Open-Access: This article is an open-access article which was selected by an in-house editor and fully peer-reviewed by external reviewers. It is distributed in accordance with the Creative Commons Attribution Non Commercial (CC BY-NC 4.0) license, which permits others to distribute, remix, adapt, build upon this work non-commercially, and license their derivative works on different terms, provided the original work is properly cited and the use is non-commercial. See: http://creativecommons.org/licenses/by-nc/4.0/

Corresponding author to: Nori Tolosa de Talamoni, PhD, Professor, Laboratorio “Dr. Fernando Cañas”, Cátedra de Bioquímica y Biología Molecular, Facultad de Ciencias Médicas, INICSA (CONICET-Universidad Nacional de Córdoba), Pabellón Argentina, 2do. Piso, Ciudad Universitaria, Córdoba 5000, Argentina. ntolosa@biomed.fcm.unc.edu.ar

Telephone: +54-351-4333024

Received: August 28, 2018
Peer-review started: August 28, 2018
First decision: October 9, 2018
Revised: October 24, 2018
Accepted: November 2, 2018
Article in press: November 2, 2018
Published online: November 28, 2018
Processing time: 91 Days and 12.2 Hours

Abstract

Glutathione (GSH) is a tripeptide that constitutes one of the main intracellular reducing compounds. The normal content of GSH in the intestine is essential to optimize the intestinal Ca²⁺ absorption. The use of GSH depleting drugs such as DL-buthionine-S,R-sulfoximine, menadione or vitamin K₃, sodium deoxycholate or diets enriched in fructose, which induce several features of the metabolic syndrome, produce inhibition of the intestinal Ca²⁺ absorption. The GSH depleting drugs switch the redox state towards an oxidant condition provoking oxidative/nitrosative stress and inflammation, which lead to apoptosis and/or autophagy of the enterocytes. Either the transcellular Ca²⁺ transport or the paracellular Ca²⁺ route are altered by GSH depleting drugs. The gene and/or protein expression of transporters involved in the transcellular Ca²⁺ pathway are decreased. The flavonoids quercetin and naringin highly abrogate the inhibition of intestinal Ca²⁺ absorption, not only by restoration of the GSH levels in the intestine but also by their anti-apoptotic properties. Ursodeoxycholic acid, melatonin and glutamine also block the inhibition of Ca²⁺ transport caused by GSH depleting drugs. The use of any of these antioxidants to ameliorate the intestinal Ca²⁺ absorption under oxidant conditions associated with different pathologies in humans requires more investigation with regards to the safety, pharmacokinetics and pharmacodynamics of them.

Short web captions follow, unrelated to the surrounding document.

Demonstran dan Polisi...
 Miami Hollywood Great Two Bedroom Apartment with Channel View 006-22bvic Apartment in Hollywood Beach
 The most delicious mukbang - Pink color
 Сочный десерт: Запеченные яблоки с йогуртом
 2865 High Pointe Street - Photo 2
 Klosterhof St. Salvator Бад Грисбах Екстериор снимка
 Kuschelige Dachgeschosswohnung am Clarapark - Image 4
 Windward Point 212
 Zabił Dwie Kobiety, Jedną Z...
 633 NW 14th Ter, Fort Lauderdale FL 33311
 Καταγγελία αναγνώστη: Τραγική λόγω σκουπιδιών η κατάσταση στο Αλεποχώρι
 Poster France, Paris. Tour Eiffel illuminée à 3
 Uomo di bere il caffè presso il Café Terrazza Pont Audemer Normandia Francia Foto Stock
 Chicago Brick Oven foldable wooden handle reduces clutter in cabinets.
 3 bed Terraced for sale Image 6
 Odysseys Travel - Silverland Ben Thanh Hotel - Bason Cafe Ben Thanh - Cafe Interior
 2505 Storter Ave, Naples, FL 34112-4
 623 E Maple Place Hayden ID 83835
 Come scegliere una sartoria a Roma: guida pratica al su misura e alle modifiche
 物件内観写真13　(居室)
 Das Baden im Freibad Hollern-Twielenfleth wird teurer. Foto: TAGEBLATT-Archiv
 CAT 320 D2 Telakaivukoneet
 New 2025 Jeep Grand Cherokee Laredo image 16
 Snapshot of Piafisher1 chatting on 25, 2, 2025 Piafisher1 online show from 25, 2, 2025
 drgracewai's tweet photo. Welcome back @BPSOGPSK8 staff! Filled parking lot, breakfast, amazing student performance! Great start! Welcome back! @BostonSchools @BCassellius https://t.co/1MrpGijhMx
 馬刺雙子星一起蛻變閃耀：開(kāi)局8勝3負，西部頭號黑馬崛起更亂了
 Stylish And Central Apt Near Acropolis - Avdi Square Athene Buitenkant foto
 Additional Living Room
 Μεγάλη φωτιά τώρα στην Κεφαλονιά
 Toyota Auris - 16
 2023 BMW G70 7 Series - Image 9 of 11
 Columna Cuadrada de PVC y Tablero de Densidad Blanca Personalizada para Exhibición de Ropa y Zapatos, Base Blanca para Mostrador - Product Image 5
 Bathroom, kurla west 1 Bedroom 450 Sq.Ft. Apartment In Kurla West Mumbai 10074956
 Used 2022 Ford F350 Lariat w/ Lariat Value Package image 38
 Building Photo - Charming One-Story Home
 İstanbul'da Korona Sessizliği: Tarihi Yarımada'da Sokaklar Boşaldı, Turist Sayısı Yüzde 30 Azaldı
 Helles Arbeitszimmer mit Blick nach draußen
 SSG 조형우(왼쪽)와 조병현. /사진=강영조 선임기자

Keywords: Glutathione; Transcellular and paracellular Ca²⁺pathways; DL-buthionine-S,R-sulfoximine; Fructose rich diet; Menadione; Sodium deoxycholate; Glutamine; Ursodeoxycholic acid; Melatonin; Quercetin; Naringin

Core tip: The normal content of glutathione (GSH) in the intestine is essential to optimize the intestinal Ca²⁺ absorption. The use of GSH depleting drugs such as DL-buthionine-S,R-sulfoximine, menadione or vitamin K₃, sodium deoxycholate or diets enriched in fructose, which induce several features of the metabolic syndrome, produce inhibition of the intestinal Ca²⁺ absorption. The flavonoids quercetin and naringin highly abrogate the inhibition of intestinal Ca²⁺ absorption, not only by restoration of the GSH levels in the intestine but also by their anti-apoptotic properties. Ursodeoxycholic acid, melatonin and glutamine also block the inhibition of Ca²⁺ transport caused by GSH depleting drugs.